The central premise of the paper is that the rise of high capacity solid state options (RAM and Flash) in combination with columnar databases will lead to a consolidation of OLTP and OLAP systems. The driving force is based on large memory capacities and SSDs enable columnar databases to handle OLTP workloads. Once that is handled, the inherent advantages of columnar databases for analytics will lead to their widespread displacement of row-based database architectures.
Here is a 10,000 foot view of the distinction between row and column-based database: In a row-based database all of the information for a record in a table is stored together. This makes record centric activities that OLTP systems are supporting (recording a transaction, viewing the details of an account, etc) exceptionally fast. In a columnar database the data in a table is partitioned so that all of the fields in table are stored together. This makes the analytical activities where queries aggregate data from particular fields of all of the records much faster. This is because the queries can avoid reading the fields that are not needed for the query. The trade-off from the columnar approach is that when a new record is added all the separate fields need to be updated with separate I/O operations. The driving force for database adoption has been the automation of business processes that tend to be transactional, so, due to the expense of record creation in columnar databases, row-based database systems dominate.
SSDs and in-memory databases shift this calculus by dramatically lowering the “cost” of a small block operation to storage. The added expense of in-memory or SSD storage can be offset by some of the space saving advantages of columnar databases can provide: the ease of compressing data when it is grouped by fields rather than records, and the ability to organize data in a way that avoids the need for additional indexes. Having firsthand experience with the parallel IO capability of SSD systems, I am not worried about the ability of hardware handling a heavier IO workload. The biggest hurdle that I see is altering the locking mechanisms to handle updating multiple locations efficiently while maintaining transactional consistency.

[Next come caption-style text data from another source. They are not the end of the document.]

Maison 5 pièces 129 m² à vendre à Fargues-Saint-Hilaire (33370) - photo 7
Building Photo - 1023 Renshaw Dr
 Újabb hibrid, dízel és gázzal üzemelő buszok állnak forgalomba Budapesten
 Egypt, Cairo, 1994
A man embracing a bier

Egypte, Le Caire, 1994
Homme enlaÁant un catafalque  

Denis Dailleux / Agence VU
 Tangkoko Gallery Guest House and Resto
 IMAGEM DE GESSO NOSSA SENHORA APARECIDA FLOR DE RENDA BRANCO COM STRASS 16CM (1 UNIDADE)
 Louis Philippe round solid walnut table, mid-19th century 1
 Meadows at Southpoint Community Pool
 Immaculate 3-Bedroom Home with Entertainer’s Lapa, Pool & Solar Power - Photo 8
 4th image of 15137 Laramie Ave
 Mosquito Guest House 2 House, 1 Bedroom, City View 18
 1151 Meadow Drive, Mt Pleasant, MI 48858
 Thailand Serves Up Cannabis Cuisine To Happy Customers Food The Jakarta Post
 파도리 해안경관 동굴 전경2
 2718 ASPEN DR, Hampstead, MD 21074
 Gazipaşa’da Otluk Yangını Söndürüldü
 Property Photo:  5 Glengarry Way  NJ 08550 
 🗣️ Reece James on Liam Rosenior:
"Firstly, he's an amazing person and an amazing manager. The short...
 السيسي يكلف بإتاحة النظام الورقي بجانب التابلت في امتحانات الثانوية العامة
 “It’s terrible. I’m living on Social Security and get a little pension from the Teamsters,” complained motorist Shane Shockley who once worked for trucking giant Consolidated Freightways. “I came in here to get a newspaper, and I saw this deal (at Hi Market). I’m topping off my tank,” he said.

Predicting shifting trends in the IT industry is always a difficult business.
This paper lays out interesting arguments and looks to predict the large vendor’s moves. Rewriting software always takes more time and resources than expected but solid state storage options represent such a change in hardware systems behavior that software paradigm shifts are bound to happen.
As an aside, there was one area where I found disagreement with one of the arguments of the paper: that SSDs would be used as a stepping stone towards adoption of entirely in-memory database systems. The reasons that I don’t see this happening for larger systems are: cost, performance, power, and restart persistence. The advantages of flash for cost, power, and restart persistence are quite obvious, so that leaves performance as the reason for in-memory to beat out SSDs. A simplistic argument is that RAM is faster than flash because the read and write latency is so much lower. This is definitely true, but if the software has to change the locking mechanisms to allow true parallelization of the inserts and updates, then latency differences can be handled. High performance SSDs can rival memory in terms of parallel IOPS performance.